Note that if the 100% modulus of the first side rubber and the 100% modulus of the second side rubber are out of the preferred range, it is impossible to achieve both high rolling resistance and suppression of uneven wear.

  According to a fourth aspect of the present invention, in the pneumatic tire according to any one of the first to third aspects, the width of the second side rubber when viewed in a cross section along the tire rotation axis is 20 mm. It is characterized by being set above.

Next, the operation of the pneumatic tire according to claim 4 will be described.
By setting the width of the second side rubber to 20 mm or more, uneven wear can be reliably suppressed.
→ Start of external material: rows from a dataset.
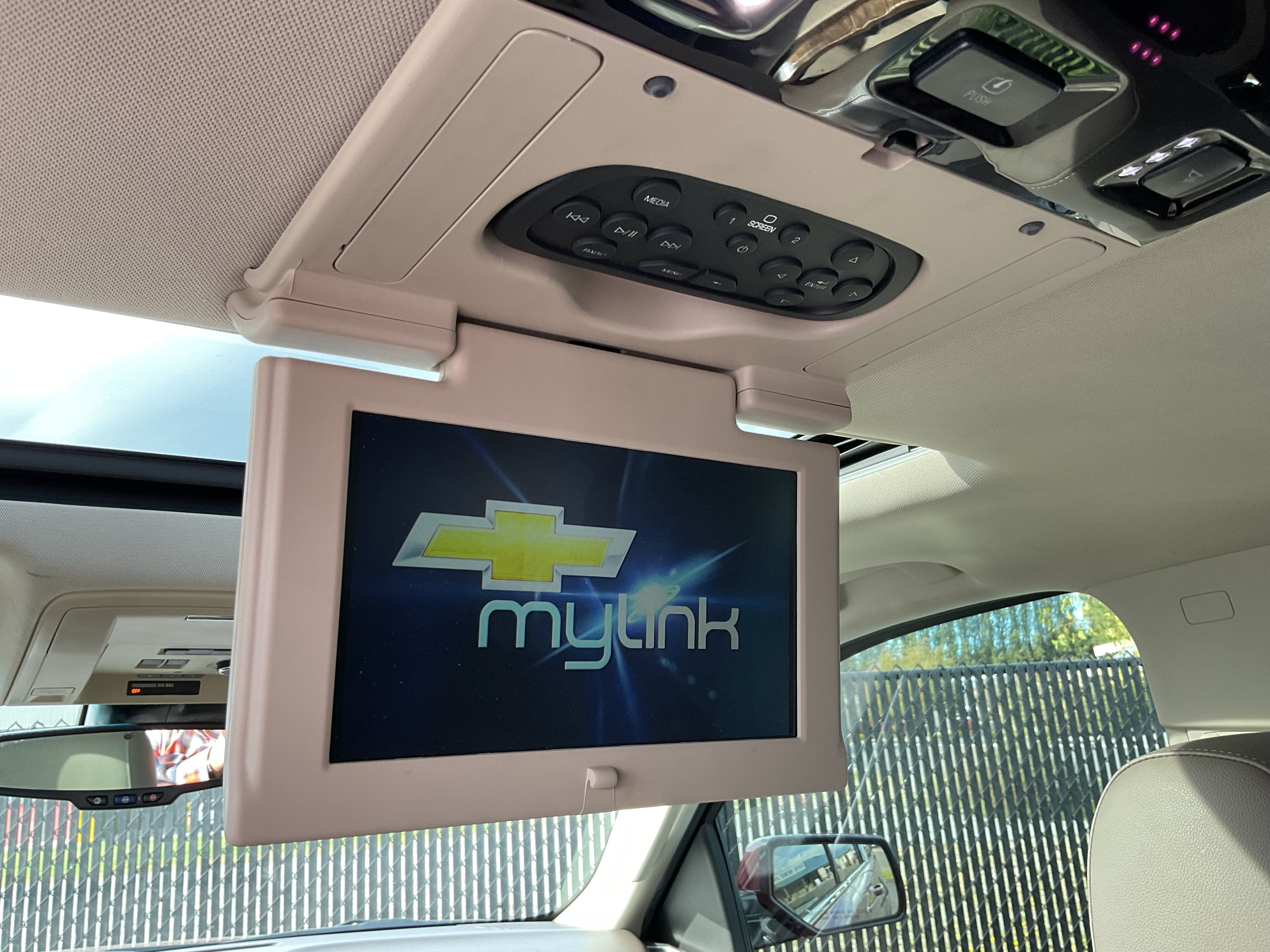 2016 Chevrolet Suburban LT Z71 4x4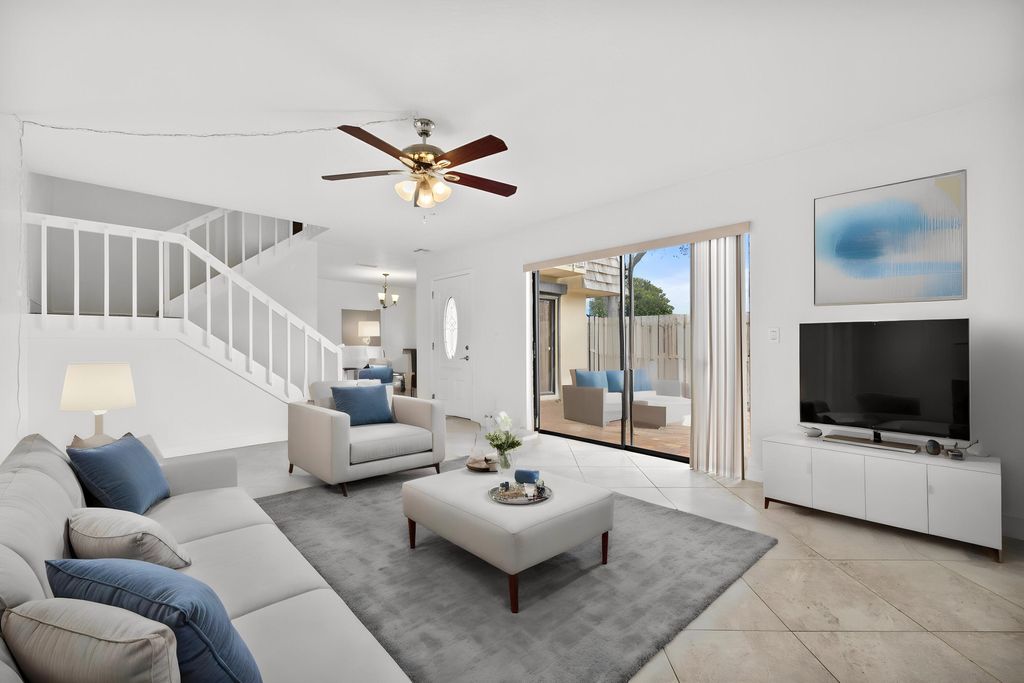 Photo of 330 Lake Arbor Drive, Palm Springs, FL 33461 (MLS # R10958830)
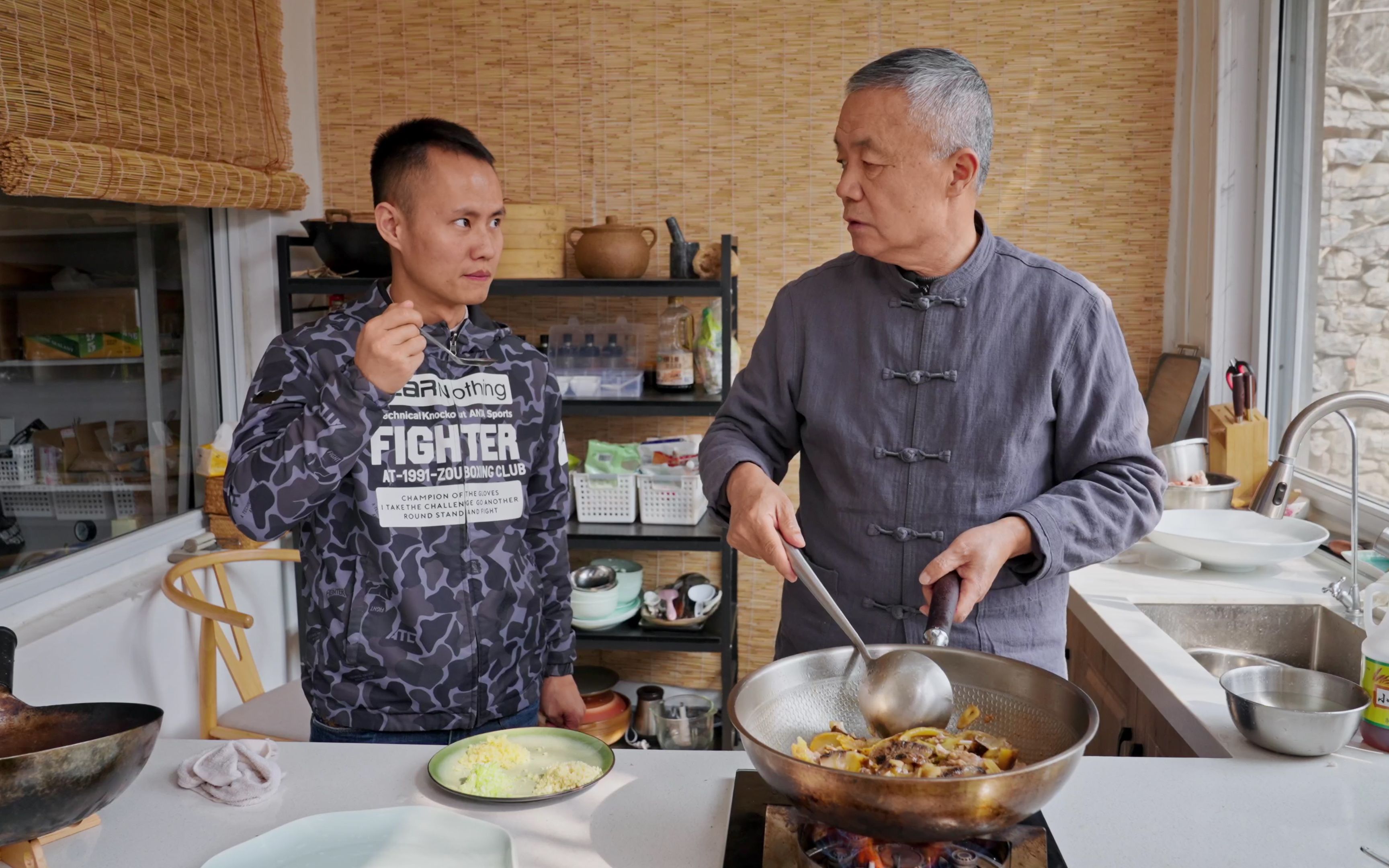 [图]拜鲁菜陈老先生为师，传承中华美食，守护舌尖上的技艺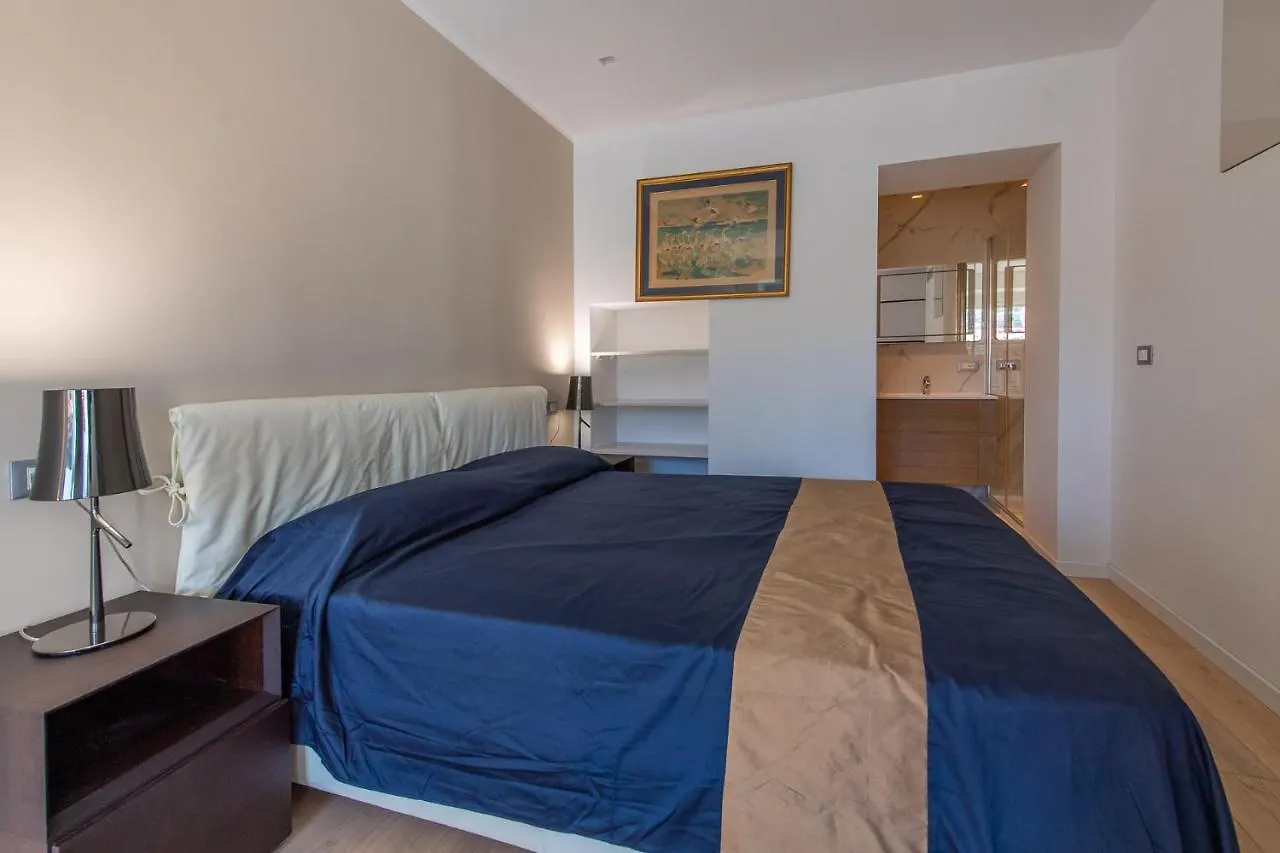Apartment Sea View, Vue Sur La Mer Port De Nice - Appartement De Charme 2 P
  According to a fifth aspect of the present invention, in the pneumatic tire according to any one of the first to fourth aspects, the thickness of the second side rubber when viewed in a cross section along the tire rotation axis is It is characterized by being set to 2.0 to 5.0 mm.

Next, the operation of the pneumatic tire according to claim 5 will be described.
By setting the thickness of the second side rubber to 2.0 mm or more, uneven wear can be reliably suppressed. In addition, when the thickness of the second side rubber exceeds 0.5 mm, heat generation becomes large, and a failure due to the heat is likely to occur.

  The invention according to claim 6 is the pneumatic tire according to any one of claims 1 to 5, wherein the second side rubber is not disposed between the tread rubber and the carcass. The tread rubber is arranged on the outer side in the tire width direction.

Next, the operation of the pneumatic tire according to claim 6 will be described.
Low loss and low elastic rubber are used to achieve low rolling resistance, and the placement of high elastic rubber on the case side suppresses deformation from the shoulder with large deflection to the side maximum width, and the contact pressure distribution on the shoulder side is uniform. It becomes excellent in uneven wear.

  As described above, since the pneumatic tire of the present invention has the above-described configuration, it has an excellent effect that it is possible to suppress the deterioration of uneven wear while achieving low rolling resistance.

  In FIG. 1, a pneumatic tire 10 according to the present embodiment is for trucks and buses, and is disposed between a pair of bead portions 12 in a toroid shape and is located between the bead portions 12 and a carcass main body portion 14A. The bead core 16 of the bead part 12 has at least one layer of carcass ply 14 having a folded part 14B folded back from the inside to the outside, and a plurality of rubber parts (hard rubber part 18A and soft rubber part 18B) having different hardnesses. And a stiffener 18 extending between the bead core 16 and the outer side in the tire radial direction between the carcass main body portion 14A and the turn-up portion 14B.

  On the outside of the carcass ply 14 in the bead portion 12, a first chafer 20A (one layer in this embodiment) made of steel wire and a second chafer 20B (two layers in this embodiment) made of organic fibers are provided. A chafer layer 20 is disposed, and a rubber chafer 22 is disposed outside the chafer layer 20. In addition, an inner liner 24 is disposed on the inner surface of the tire in tandem with the rubber chafer 22, and a first side rubber 26 that forms the outer surface of the tire is disposed on the outer side in the tire radial direction from the rubber chafer 22. Yes.

  A rubber 34 different from the soft rubber portion 18B is disposed along the second chafer 20B between the second chafer 20B and the soft rubber portion 18B, and between the second chafer 20B and the folded portion 14B. ing. Further, the outer end of the second chafer 20B in the tire radial direction is covered with a rubber 36 for stress relaxation.

  A belt 38 made of a plurality of plies is disposed on the outer side in the tire radial direction of the carcass main body 14A, and a thick tread rubber 42 constituting the tread 40 is disposed on the outer side in the tire radial direction of the belt 38. . A cushion rubber 44 having a substantially triangular cross section is disposed between the vicinity of the end portion of the belt 38 and the carcass main body portion 14A, and a rubber 46 is disposed between the end portion of the belt 38 and the tread rubber 42.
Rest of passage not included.